BUG: EUTL corrupted by default
If addressbook.acrodata is generated by updating Adobe Approved Trust List (AATL), EUTL will be corrupted. The default behavior of Adobe Reader when opening a signed document for the first time is to prompt for update of AATL. This causes EUTL to stop working and can only be solved by deleting addressbook.acrodata and update EUTL and AATL in the correct order.
Steps to reproduce the issue:
1. Install Adobe Acrobat Reader DC
2. Open a document signed with an EUTL certificate.
3. Accept the prompt for Trust Certificates Update.
Environment:
Freshly installed clean VM with Windows 10 20H2(19042.985)

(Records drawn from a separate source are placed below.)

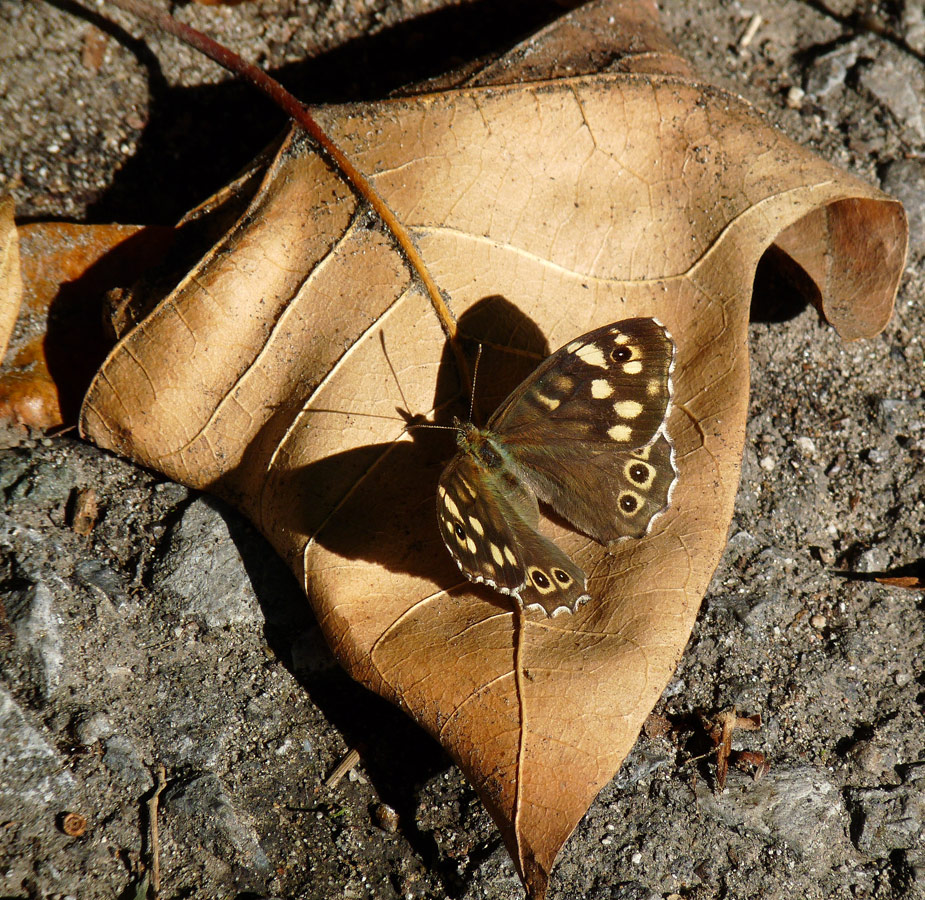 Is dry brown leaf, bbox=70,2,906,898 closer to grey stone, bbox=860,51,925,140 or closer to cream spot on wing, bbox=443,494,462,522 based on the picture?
cream spot on wing, bbox=443,494,462,522

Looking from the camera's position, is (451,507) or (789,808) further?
(789,808)

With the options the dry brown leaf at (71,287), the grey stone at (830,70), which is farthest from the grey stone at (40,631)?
the grey stone at (830,70)

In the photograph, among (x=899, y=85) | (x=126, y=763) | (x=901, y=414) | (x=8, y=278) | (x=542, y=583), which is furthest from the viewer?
(x=899, y=85)

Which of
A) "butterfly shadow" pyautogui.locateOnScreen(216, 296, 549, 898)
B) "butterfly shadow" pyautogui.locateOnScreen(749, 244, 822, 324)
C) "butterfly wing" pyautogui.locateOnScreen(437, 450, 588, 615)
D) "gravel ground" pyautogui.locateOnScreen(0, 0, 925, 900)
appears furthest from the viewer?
"butterfly shadow" pyautogui.locateOnScreen(749, 244, 822, 324)

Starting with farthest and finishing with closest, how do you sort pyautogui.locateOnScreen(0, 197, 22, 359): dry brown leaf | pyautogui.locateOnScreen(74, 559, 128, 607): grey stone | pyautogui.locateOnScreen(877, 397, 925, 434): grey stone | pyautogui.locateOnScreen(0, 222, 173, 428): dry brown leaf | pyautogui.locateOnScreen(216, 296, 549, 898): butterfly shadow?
pyautogui.locateOnScreen(877, 397, 925, 434): grey stone → pyautogui.locateOnScreen(0, 222, 173, 428): dry brown leaf → pyautogui.locateOnScreen(0, 197, 22, 359): dry brown leaf → pyautogui.locateOnScreen(74, 559, 128, 607): grey stone → pyautogui.locateOnScreen(216, 296, 549, 898): butterfly shadow

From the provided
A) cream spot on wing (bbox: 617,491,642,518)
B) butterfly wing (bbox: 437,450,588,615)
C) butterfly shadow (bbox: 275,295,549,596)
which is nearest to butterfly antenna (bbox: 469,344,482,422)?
butterfly shadow (bbox: 275,295,549,596)

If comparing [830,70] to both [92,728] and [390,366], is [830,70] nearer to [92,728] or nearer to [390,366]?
[390,366]

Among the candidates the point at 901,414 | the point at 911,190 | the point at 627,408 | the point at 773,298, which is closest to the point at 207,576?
the point at 627,408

Adobe Acrobat Reader DC 2021.001.20155
Expected result:
Signature certificate is checked against both AATL and EUTL. Certificate marked as valid.
Observed result:
Signature certificate is checked against AATL only. This marks the certificate as invalid.
This does not change after manually updating EUTL.
The current workaround I have found is the following:
- Close Adobe Reader
- Delete addressbook.acrodata from C:\Users<username>\AppData\Roaming\Adobe\Acrobat\DC\Security
- Launch Adobe Reader and go to Edit > Preferences > Trust Manager
- Update the EUTL list and wait for the confirmation message. If you do AATL first addressbook.acrodata becomes corrupted and needs to be deleted again.
- Update the AATL list.
- Open or refresh the signed document. Both the certificate and the signature is now marked as valid and the signature panel shows that the certificate is validated against both AATL and EUTL.
This can be repeated several times and the result is always the same.
Updating AATL first = EUTL stops working.
Updating EUTL first = EUTL works.
I have also posted the workaround in the Adobe Support Community:
https://community.adobe.com/t5/acrobat-reader/reader-will-not-validate-eu-qualified-signature-after-update/m-p/10813696
-
Marian Ďurkovič commented
The problem here is, that certificate issuer "I.CA Qualified 2 CA/RSA 02/2016" is registered both in AATL and in EUTL, but the registrations are not identical.
When you first load EUTL, addressbook.acrodata contains:
/Country(CZ)/Editable true/Enabled true/ID ..../Source[(EUTL)(AATL)]/
and the signature is verified according to EUTL.
However, the default is to load AATL first, which results in addressbook.acrodata containing:
/Editable true/ID ..../Source[(AATL)(EUTL)]/
and the signature fails verification with Invalid policy constraint
-
Ronald T Blankenship commented
Thanks for this post, it helped with an Acrobat issue I was having with a customer!